The Critical Things for Growing Miniature Roses Indoors


Growing miniature roses indoors is one of those things that is often "forced" upon us by well-meaning friends or relatives who come bearing mini roses as gifts.

I mean, "What do you do with this thing once they've left?"

The Obvious


The obvious answer is to chuck it out the door or give it to a neighbor.

But this isn't always practical or a desired course of action (hey! it's a rose!). :-)

So what do you need to do in order to grow this rose indoors?

Growing Miniature Roses and Watering


Growing Miniature Roses means getting your watering techniques right. Soak the plant until water runs out the bottom of the saucer. Use lukewarm water. Now wait. Every day put your finger on the soil surface and see if your finger comes away dry or damp. If damp – do nothing. Do not water if the soil is still damp, it doesn't matter how long this is between waterings. If the soil is damp, the plant doesn't require any more water.

(I note that more plants are killed from overwatering than underwatering)

If your finger comes away dry. Then water and soak the plant until water runs out the bottom of the pot. Use lukewarm water – then see above. Repeat this – water if dry to touch, walk away if finger is dampish.

I note you can feed it a balanced formula house plant liquid fertilizer if you intend to keep the plant; this will encourage it to grow and keep the blooms happy. Most of these plants are fed with long-term fertilizers in the greenhouse that will keep them happy while they are blooming in your home. After that of course, all bets are off.

Light Levels


Growing miniature roses means getting the light levels correct.

This plant has been grown in a greenhouse and likely under lights in that greenhouse to force it into bloom. The reality is that it has a high capacity for light and your home isn't going to have enough for it. (sorry). Without grow lights, all you can do is delay the inevitable reaction to not getting what it wants.

Put this plant in the sunniest south facing window you have. If not south, then go west. If not west, then go east with it. But the sunniest windowsill in the place gets the rose.

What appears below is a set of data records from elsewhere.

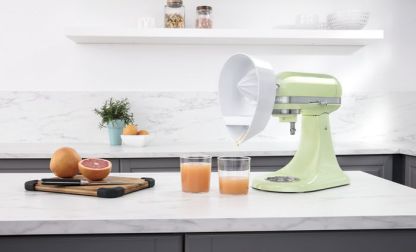 Juicer Attachment for Kitchenaid Stand Mixer, Juicer for Kitchenaid Mixer Accessories with 2 Size Reamer, Pressure Activated Citrus Juicer Attachment for Orange, Lemon, Grapefruit Juice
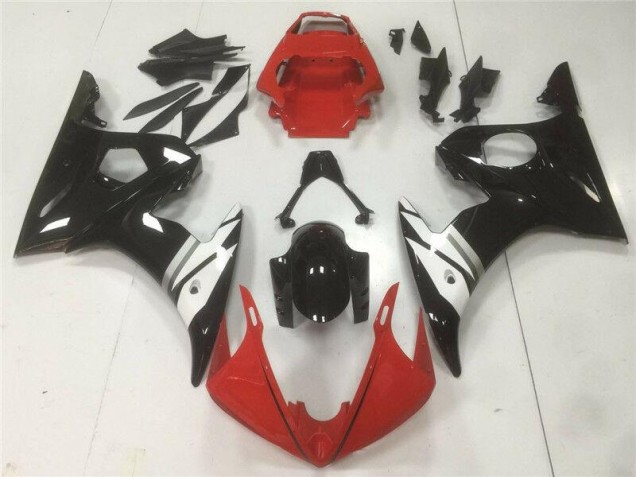 Rouge Noir Blanc Carénage Moto Yamaha R6 2003-2005 Rouge Noir Blanc Carénage Moto Yamaha R6 2003-2005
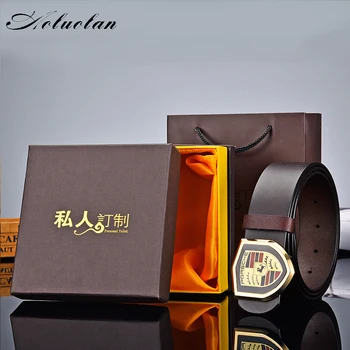 

Aoluolan high-quality Luxury car brand design Smooth buckle belt Fashion Genuine Leather Belt Men's Belts for Men With box
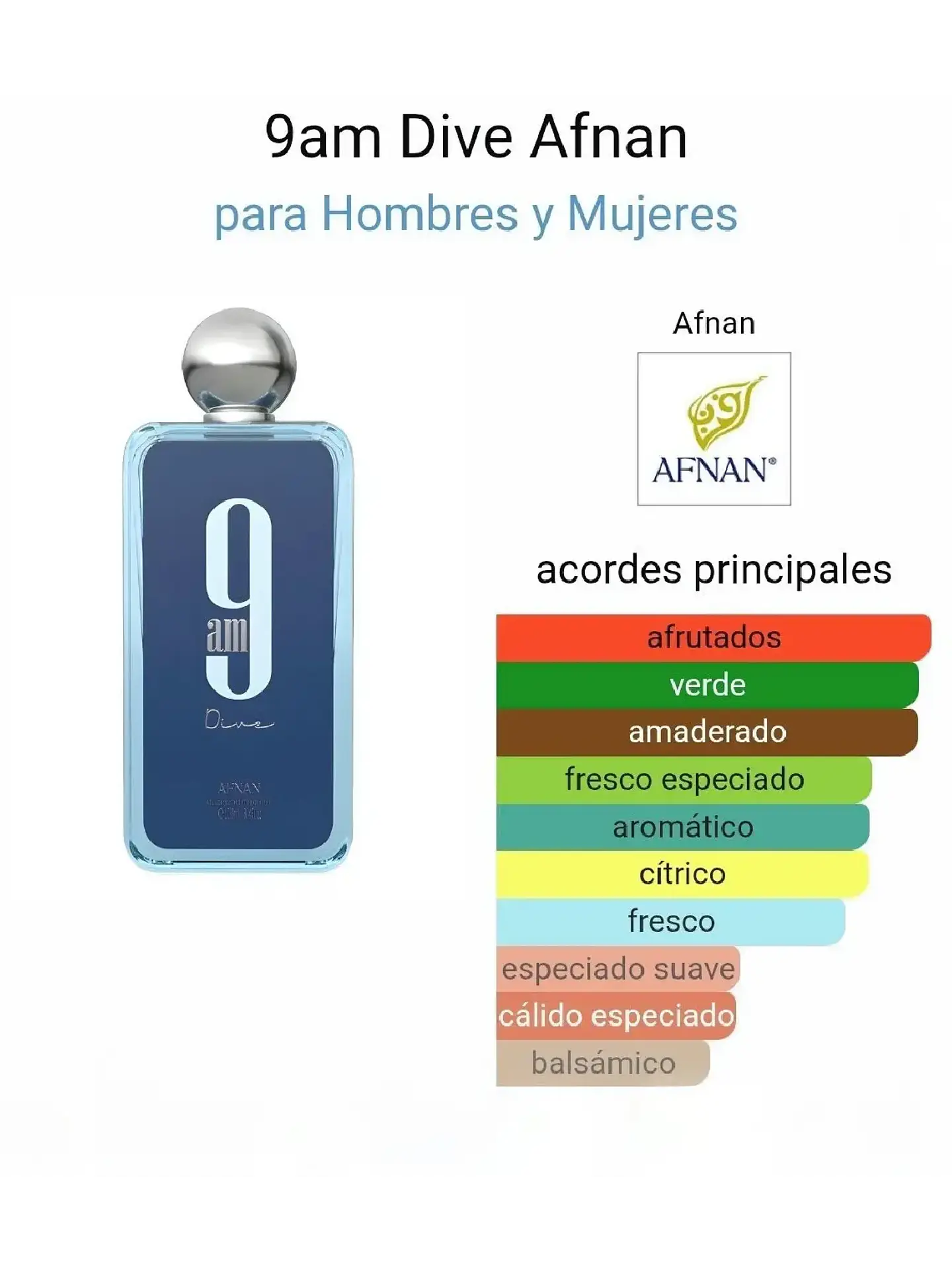 Afnan 9 Am Dive De Afnan 100 ML Hombre EDP RF: 10006 4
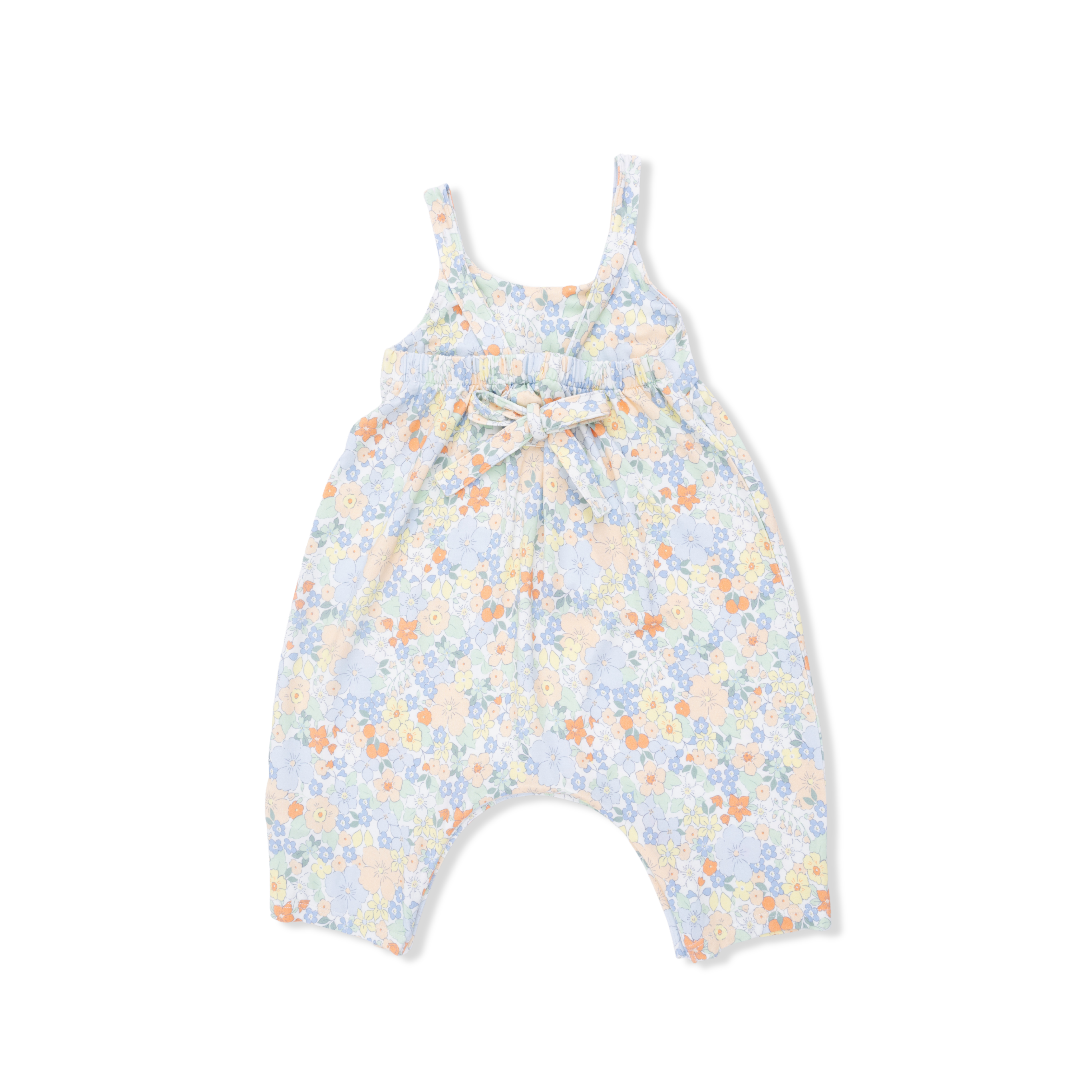 Georgia Floral -tie Back Romper & 2 Pack Hair Bow Set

If you have grow lights, use them. Ensure the light is only several inches off the top of the plant to make sure it gets enough light. This of course is good for the plant but not so good for enjoying it as it isn't all that visible with lights sitting right on top of it. (But hey – what do you want- to enjoy the rose or keep it alive forever?)

Temperature Control


Growing miniature roses means temperatures should be cool. Believe it or not but cool is good. This will delay the flowering process and slow down plant growth. Your flowers will last longer and the plant will not grow and stretch too much. Low 60's F is ideal.

What do I do with it once it is finished blooming?


This depends on whether you have an outdoors garden or a balcony/deck with full sunlight. The plant will thrive quite nicely outdoors (see below) and potted into a larger container, it will grow and produce another crop of flowers in the full sunshine of a deck. But if you have neither outdoor gardens, full sunshine, or grow lights indoors, then growing miniature roses to bloom again is not likely going to happen.

It needs full sunshine to produce blossoms. So you grow it as a green plant (and maybe hope for a sporadic bloom), you buy grow-lights or you toss or give it away to somebody who can grow it on.

Book cover tender roses

Outside?


What about growing miniature roses outside? For sure, outside is good. As soon as the last frost is over, take the rose out of the pot and put it in a full sun location. It will require a full 6-8 hours of sunlight a day to bloom. And yes, it is quite hardy (see the other articles on pruning and taking care of miniature roses) so it should live quite nicely for you.

If you put it outside too early and it gets frosted, it will not be happy. Because the leaves are tender from living indoors, you'll likely see them drop off. As long as it was a light frost and not a heavy freeze, the roots will be fine and will soon throw new shoots. But if it was a heavy freeze, then the poor thing is compost.